宋才想到了什么,有转过头去恭恭敬敬地对着贾戎说道,“我宋才也没有见过大场面,想来也是个无能没见识的,只是好歹也吃过几十年的饭,有些门门道道也多少知道些。您要是回去看看那不知道通向什么地方的密道的话,不妨带着我回去吧。”
贾戎仔细想了想,还是有些担忧,“您的身体可吃得消?这么来回奔波,伤损了身体,就是我的不是了。”
宋才听了,不由笑出来,“老爷!我这干了一辈子的仆人活计,就是这么老了,怕是比您的身体还壮实些!”
贾戎听了,并不说什么,心中却暗暗把锻炼身体这一项提上日程来。
一转眼便到了太阳落山的光景,城门还有约莫一刻钟便关了。贾戎在前面骑着马,后面跟着两辆马车,急急忙忙地奔向山塘的别院。
那三个伙计已经审问了,却也是年纪轻轻什么也不知道的,只说老王吩咐了要看好了爷,回去说说贾戎他今天干了什么。
贾戎听了,知道老王没有造反的意思,心下稍稍安定,也没有那么紧张了,但宋才宋大管家却听得怒火中烧,“没脸的奴才!私自窥探主人的行踪,那就是大罪!”
贾戎以往在贾府见惯了这样的事情,并不觉得有多少出格,心里面也没有什么愤怒的感觉,但看到宋才的神情,才觉得原来是贾家荒唐,从此对宋才又加了几分敬重。

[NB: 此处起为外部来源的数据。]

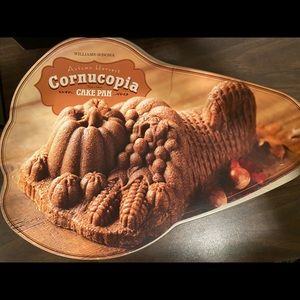 Collectible Williams Sonoma NordicWare cornucopia cake pan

别院却是一会儿就到了。老王亲自站在门口儿迎接,见贾戎走过来,正想要牵马,马车里却猛猛然钻出来两个后生一把就把他绑了,堵了他的嘴,往马车里一扔。
老王得心的几个仆从见已经群龙无首,所以干脆并未反抗。
贾戎心里念着的是密道的事情,着急去探个究竟,却被宋管家劝住,“要我说,要知道那个地方的门道儿,却还要审一审这个没脸没皮的奴才!”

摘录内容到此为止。